Now, if the system was not written using TDD, chances are it'd be very monolithic and will require significant refactoring to introduce test surfaces. Hopefully, at the end of it you end up with a more modular, less tightly coupled. more testable system.

Igor Zevaka
very much like the code coverage tests. thinking we can also include some performance tests against our code-base and address any problem areas as they arise. thank you.
Ash M
+3  A: 

ok, most importantly, don't reinvent the wheel!

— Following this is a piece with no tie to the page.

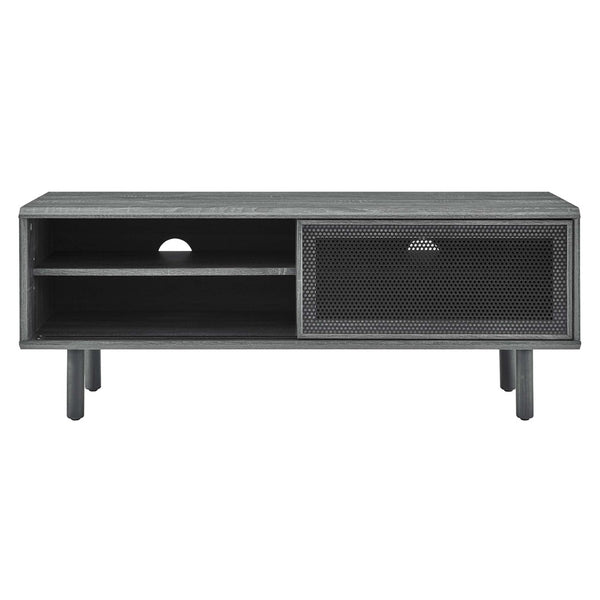 Modway Furniture Kurtis 47" TV Stand by Modway - Sleek Industrial Design with Mesh Doors for Modern Media Storage Charcoal EEI-6233-CHA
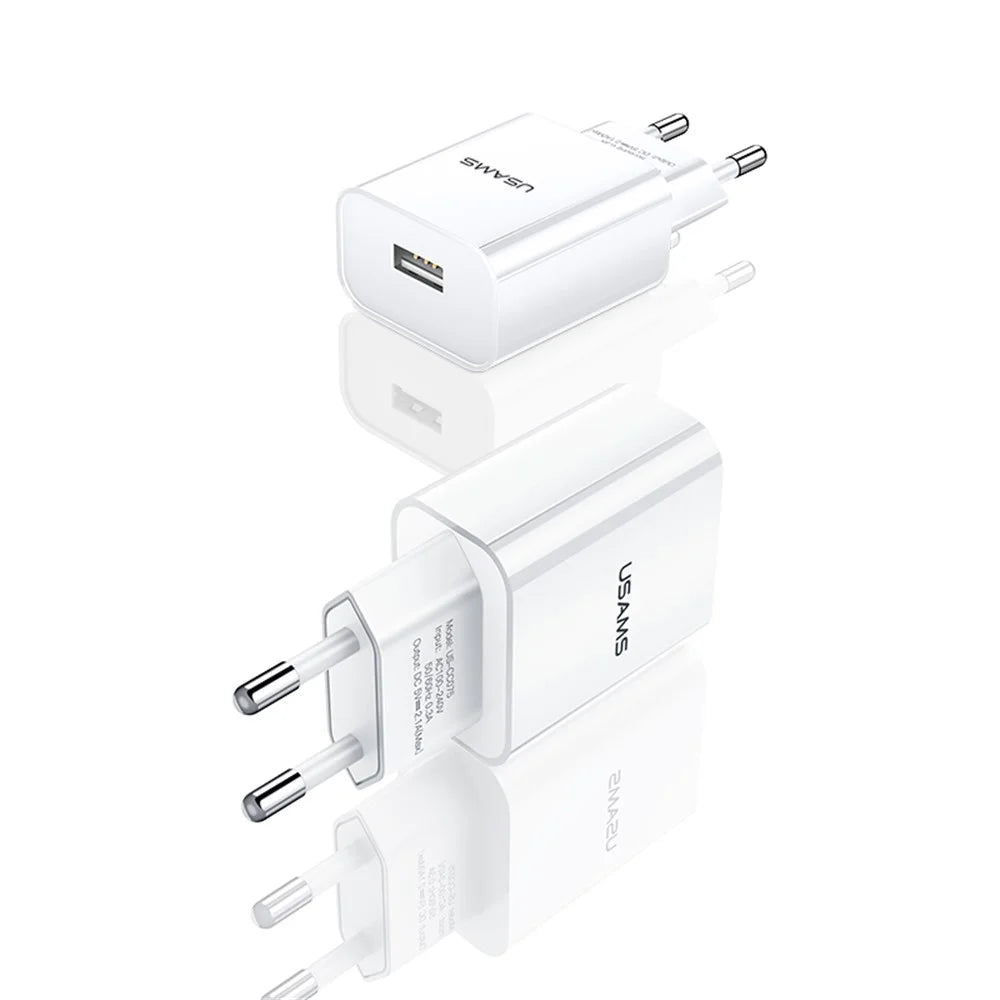 USAMS US-CC075 T18 5V 2.1A Single USB Travel Wall Time-Saving Charger for Smartphones - EU Plug - 6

Spend some time researching libraries which you can easily leverage:

  • For logging I highly recommend Log4Net.
  • For testing nUnit
  • For mocking, Rhino.

Also, take a look at Inversion of Control Containers, I recommend Castle Windsor.

  • For indexing I recommend Solr (on top of Lucene).

Next, write some wrappers:

These should be the entry point of you API (common library, but think of it as an API).

Focus on abstracting all the libraries you use internally in your API, so if you don't want to use Log4Net, or Castle Windsor anymore, you can by writing well structured abstractions and concentrating on loosely coupled design patterns.

Adopt Domain Driven Development:

Think of API(s) as Domains and modular abstractions that internally use other common APIs like you common Data Access library.

Suggestions:

I'd start with a super flexible general DAL library, that makes it super easy to access any type of data and multiple storage mediums.

I'd use Fluent nHibernate for the relational DB stuff, and I'd have all the method calls into the you data access implement LINQ, as it's a c# language feature.

using LINQ to query DBs, Indexes, files, xml etc.

andy
+1, although I'd consider Moq and Unity.
TrueWill
cool, thanks, I'll check those out. Any reason why you prefers those?